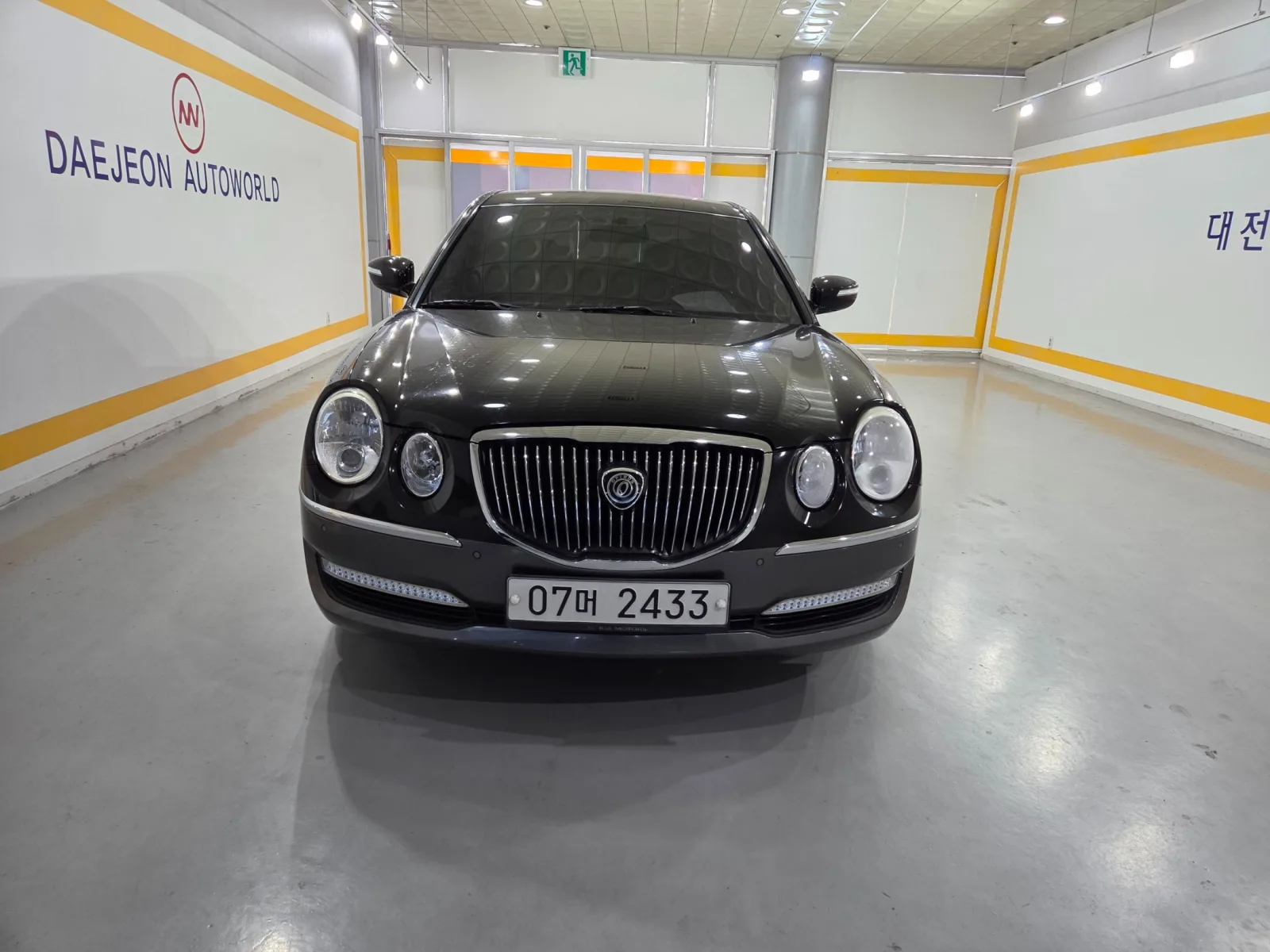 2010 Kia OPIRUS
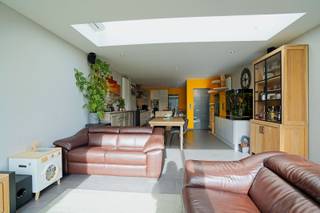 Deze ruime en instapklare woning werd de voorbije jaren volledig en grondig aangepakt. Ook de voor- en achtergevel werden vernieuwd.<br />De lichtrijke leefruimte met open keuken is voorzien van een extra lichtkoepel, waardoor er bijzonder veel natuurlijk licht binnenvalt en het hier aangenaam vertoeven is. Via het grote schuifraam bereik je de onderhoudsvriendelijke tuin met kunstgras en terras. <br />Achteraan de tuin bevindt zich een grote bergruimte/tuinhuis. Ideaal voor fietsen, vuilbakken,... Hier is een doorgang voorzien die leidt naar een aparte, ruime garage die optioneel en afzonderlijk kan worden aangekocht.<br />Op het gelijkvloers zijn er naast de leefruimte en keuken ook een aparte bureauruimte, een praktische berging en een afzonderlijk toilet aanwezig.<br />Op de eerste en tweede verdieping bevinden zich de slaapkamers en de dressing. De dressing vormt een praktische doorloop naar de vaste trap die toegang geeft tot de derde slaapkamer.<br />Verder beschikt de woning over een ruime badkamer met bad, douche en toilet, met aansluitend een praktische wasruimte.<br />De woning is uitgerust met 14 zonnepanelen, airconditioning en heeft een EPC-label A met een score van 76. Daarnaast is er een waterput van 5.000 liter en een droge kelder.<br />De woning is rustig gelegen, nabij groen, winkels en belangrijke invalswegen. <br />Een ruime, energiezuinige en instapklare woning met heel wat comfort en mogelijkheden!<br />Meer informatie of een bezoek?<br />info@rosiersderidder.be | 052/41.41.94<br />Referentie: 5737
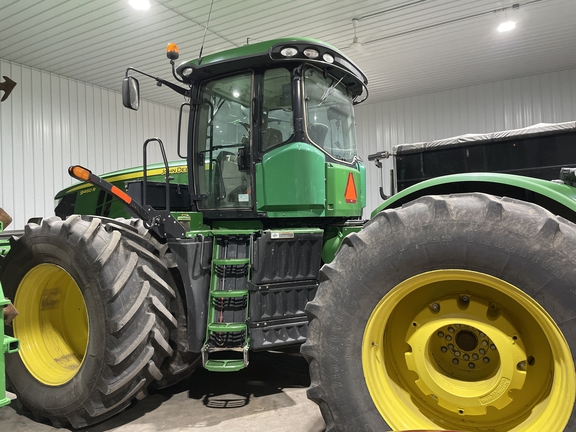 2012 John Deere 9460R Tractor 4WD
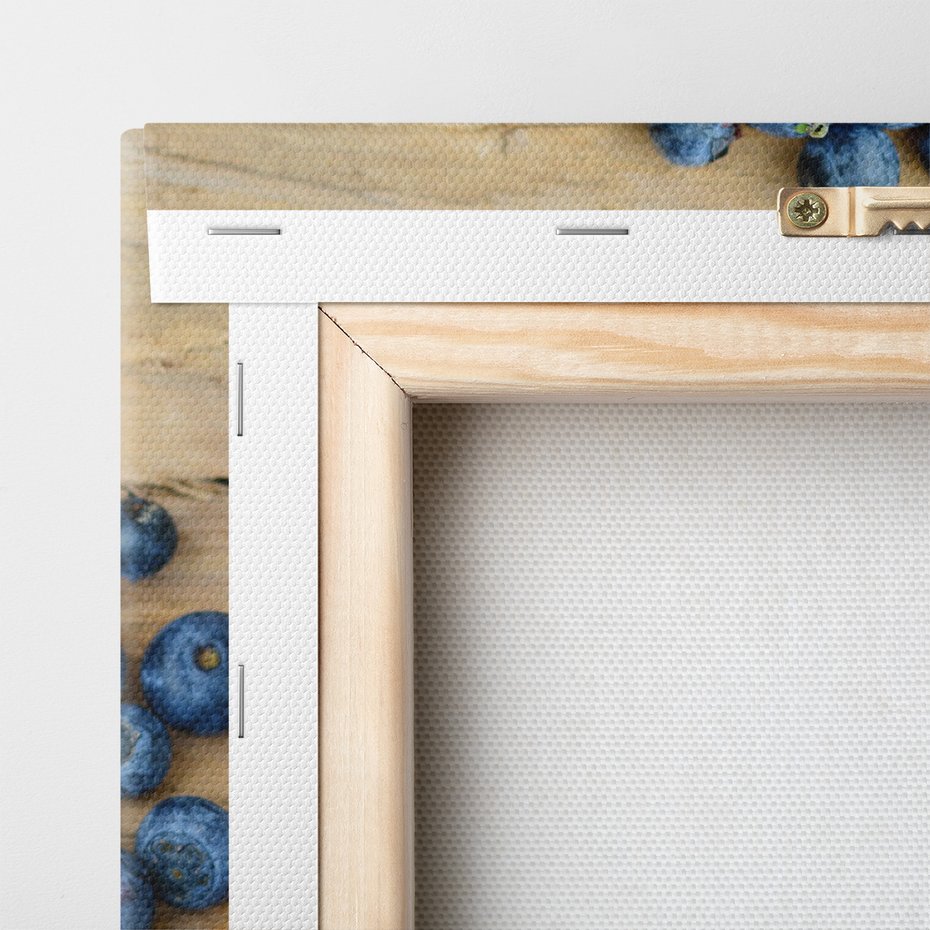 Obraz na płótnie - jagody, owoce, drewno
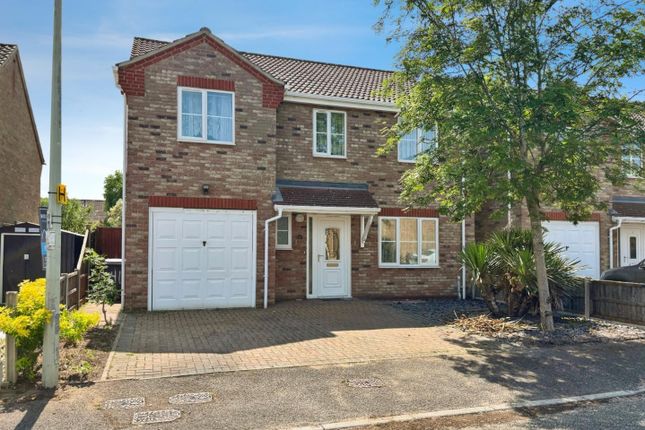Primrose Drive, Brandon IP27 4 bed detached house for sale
-------
TASK PROMPT - Please print each entry exactly as it stands, without the pictures.

YOUR SOLUTION -
 2010 Kia OPIRUS
 Deze ruime en instapklare woning werd de voorbije jaren volledig en grondig aangepakt. Ook de voor- en achtergevel werden vernieuwd.<br />De lichtrijke leefruimte met open keuken is voorzien van een extra lichtkoepel, waardoor er bijzonder veel natuurlijk licht binnenvalt en het hier aangenaam vertoeven is. Via het grote schuifraam bereik je de onderhoudsvriendelijke tuin met kunstgras en terras. <br />Achteraan de tuin bevindt zich een grote bergruimte/tuinhuis. Ideaal voor fietsen, vuilbakken,... Hier is een doorgang voorzien die leidt naar een aparte, ruime garage die optioneel en afzonderlijk kan worden aangekocht.<br />Op het gelijkvloers zijn er naast de leefruimte en keuken ook een aparte bureauruimte, een praktische berging en een afzonderlijk toilet aanwezig.<br />Op de eerste en tweede verdieping bevinden zich de slaapkamers en de dressing. De dressing vormt een praktische doorloop naar de vaste trap die toegang geeft tot de derde slaapkamer.<br />Verder beschikt de woning over een ruime badkamer met bad, douche en toilet, met aansluitend een praktische wasruimte.<br />De woning is uitgerust met 14 zonnepanelen, airconditioning en heeft een EPC-label A met een score van 76. Daarnaast is er een waterput van 5.000 liter en een droge kelder.<br />De woning is rustig gelegen, nabij groen, winkels en belangrijke invalswegen. <br />Een ruime, energiezuinige en instapklare woning met heel wat comfort en mogelijkheden!<br />Meer informatie of een bezoek?<br />info@rosiersderidder.be | 052/41.41.94<br />Referentie: 5737
 2012 John Deere 9460R Tractor 4WD
 Obraz na płótnie - jagody, owoce, drewno
Primrose Drive, Brandon IP27 4 bed detached house for sale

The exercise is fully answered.